In context: Brain-teasing word guessing game Wordle is popular the world over for its bite-sized, easy-to-learn mechanics. It's so popular, in fact, that it has spawned plenty of knock-offs, competitors, and spiritual successors. One such game is "Heardle," a Wordle-like trivia game where users are asked to name a given song after only hearing a few seconds of the intro.
Like its word-based cousin, Heardle gives players a limited number of attempts to guess a song -- six in total -- before they'll be locked out of guessing for the day. If you're completely stumped, you can choose to skip ahead a bit in the tune, though this occupies one of your guessing slots. It's an addictive formula, and after trying it briefly myself (and winning), I'm already anxiously waiting for tomorrow's Heardle.
So, why are we discussing Heardle today? Moving forward, it will no longer be an independent game: Spotify is acquiring the popular music-based trivia title, much like The New York Times acquired Wordle.

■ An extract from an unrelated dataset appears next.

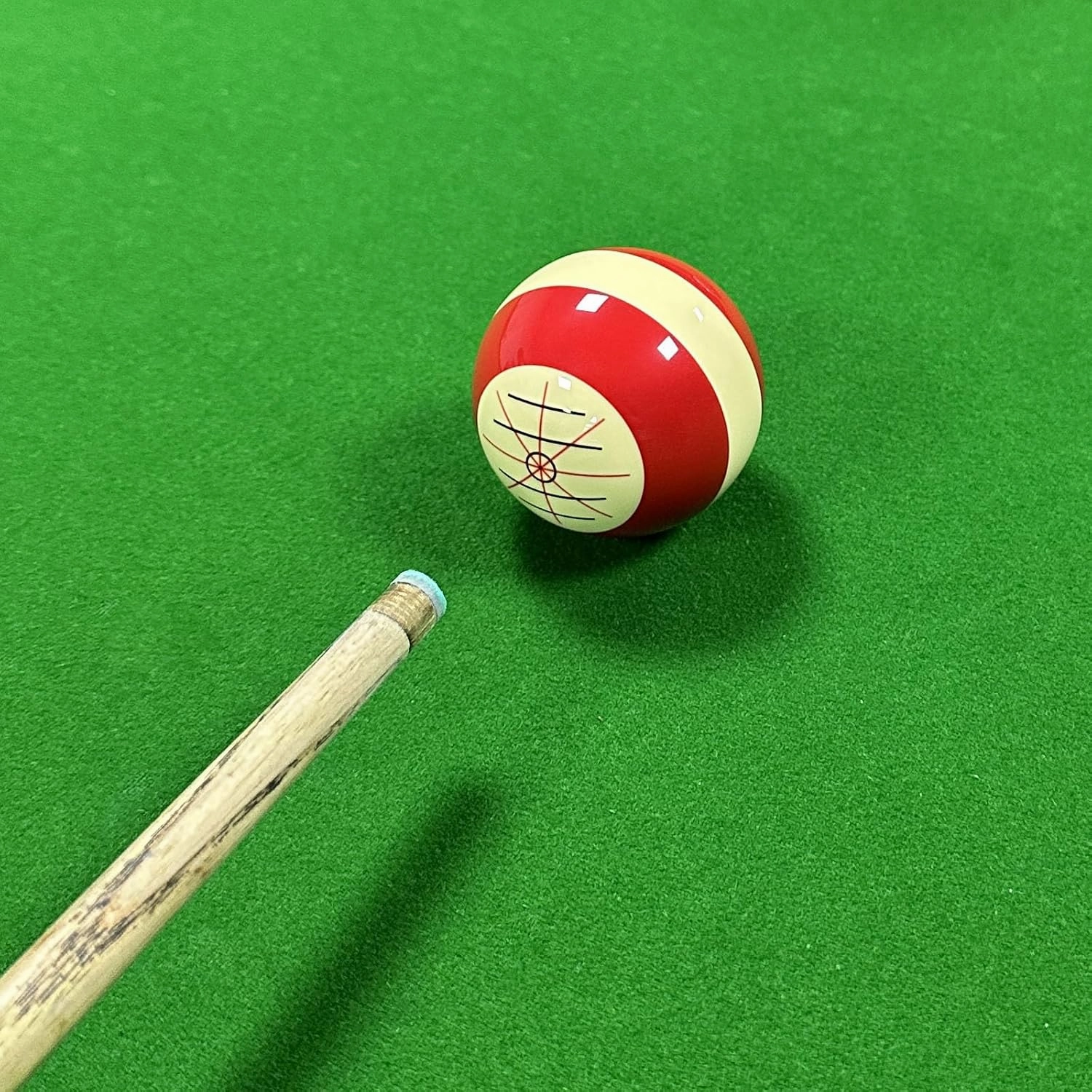 Pool Cue Ball 2-1/4" Standard Size Billiard Cue Ball Replacement for Training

Spotify promises to keep Heardle free for everyone, without making any changes to its "look and feel" -- save for one. After you play Heardle for the day and either succeed or fail, you'll be able to listen to go and listen to the full song on Spotify.

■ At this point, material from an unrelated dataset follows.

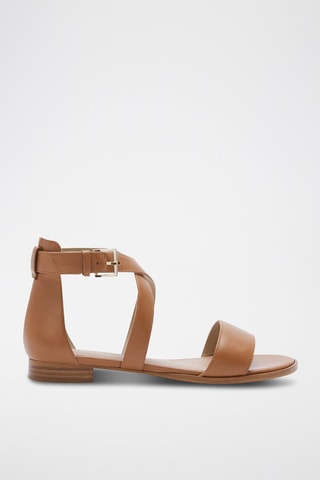 Sandalias de piel bovina Kilia - Camel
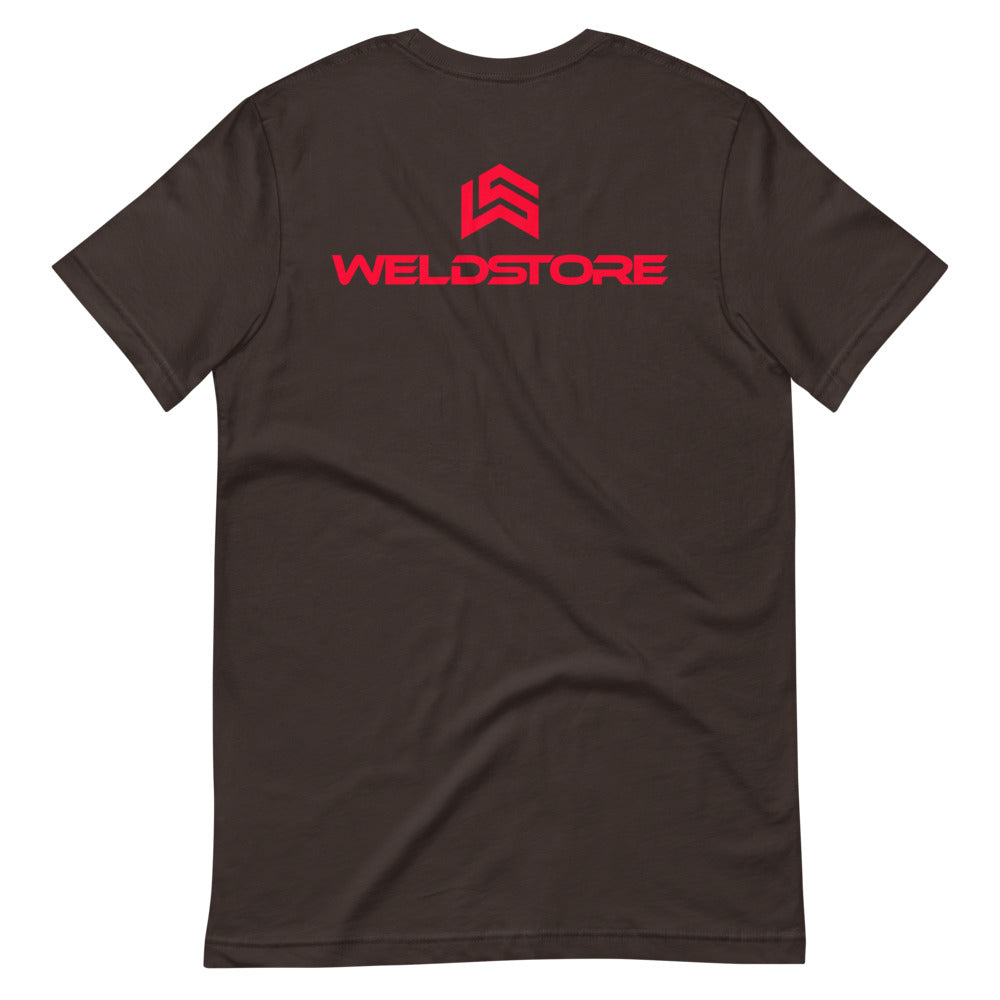 Short-Sleeve Unisex T-Shirt – kuva 8/12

The company hopes this move will drive additional users to its site and make Heardle a good tool for music discovery. The idea here is that you'll like the tune you hear during a Heardle game, and switch over to Spotify's app afterward to listen to the entire thing. You might then get recommended some other songs, and before you know it, you've gone down the musical rabbit hole and added a half-dozen tunes to your favorite playlist.
As part of this acquisition, Spotify will be localizing and expanding Heardle's availability to additional regions outside of the US, UK, Ireland, Canada, Australia, and New Zealand. The company has plans for "more deeply" integrating Heardle with Spotify down the line, but it hasn't shared any specifics.